My thought is to integrate the fastcsv code into std.csv, such that the
current std.csv code will serve as fallback in the cases where fastcsv's
limitations would prevent it from being used, with fastcsv being chosen
where possible.

It may be possible to lift some of fastcsv's limitations, now that a few
performance bottlenecks have been identified (validation, excessive
number of small allocations, being the main ones). The code could be
generalized a bit more while preserving the optimizations in these key
areas.


T

-- 
BREAKFAST.COM halted...Cereal Port Not Responding. -- YHL

Jan 25 2016

bachmeier <no spam.net> writes:

On Tuesday, 26 January 2016 at 06:27:49 UTC, H. S. Teoh wrote:
 My thought is to integrate the fastcsv code into std.csv, such 
 that the current std.csv code will serve as fallback in the 
 cases where fastcsv's limitations would prevent it from being 
 used, with fastcsv being chosen where possible.
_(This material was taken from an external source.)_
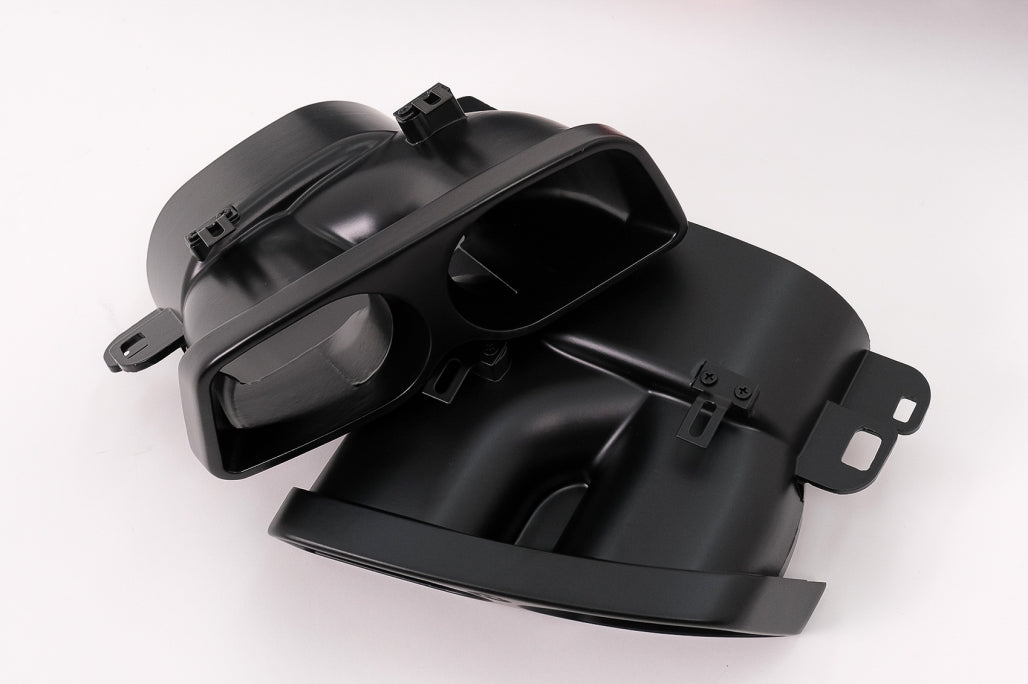 Rear Diffuser B Design Piano Black for Mercedes E-Class W213 Sport Line (2016–2019)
Wouldn't it be simpler to add a new function? Otherwise you'll 
end up with very different performance for almost the same data.

Jan 26 2016

Jesse Phillips <Jesse.K.Phillips+D gmail.com> writes:

On Tuesday, 26 January 2016 at 06:27:49 UTC, H. S. Teoh wrote:
 On Sun, Jan 24, 2016 at 06:07:41AM +0000, Jesse Phillips via 
 Digitalmars-d-learn wrote: [...]
 My suggestion is to take the unittests used in std.csv and try 
 to get your code working with them. As fastcsv limitations 
 would prevent replacing the std.csv implementation the API may 
 not need to match, but keeping close to the same would be best.

 My thought is to integrate the fastcsv code into std.csv, such 
 that the current std.csv code will serve as fallback in the 
 cases where fastcsv's limitations would prevent it from being 
 used, with fastcsv being chosen where possible.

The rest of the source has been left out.